§ **WHAT THE EXERCISE ASKS**
Restate word for word the lines of the entries below, starting with the line that holds "葡萄牙莱里亚区莱里亚中心广场背景图片" and ending with the line that holds "410 2nd Avenue S 111, Kirkland WA 98033", and no others.

═══ DATASET EXCERPTS ═══

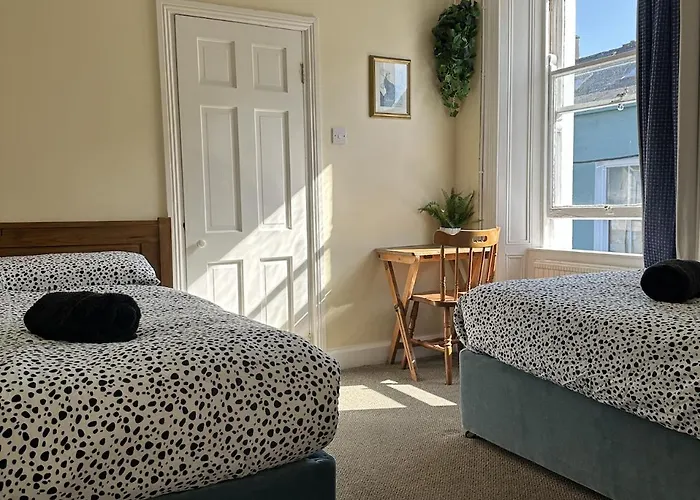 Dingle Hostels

═══
═══ DATASET EXCERPTS ═══

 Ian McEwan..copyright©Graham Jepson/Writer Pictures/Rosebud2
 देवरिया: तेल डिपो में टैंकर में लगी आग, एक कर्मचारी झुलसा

═══
═══ DATASET EXCERPTS ═══

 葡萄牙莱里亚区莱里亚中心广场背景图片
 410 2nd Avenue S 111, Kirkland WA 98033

═══

§ **ANSWER FOR THE TASK**
 葡萄牙莱里亚区莱里亚中心广场背景图片
 410 2nd Avenue S 111, Kirkland WA 98033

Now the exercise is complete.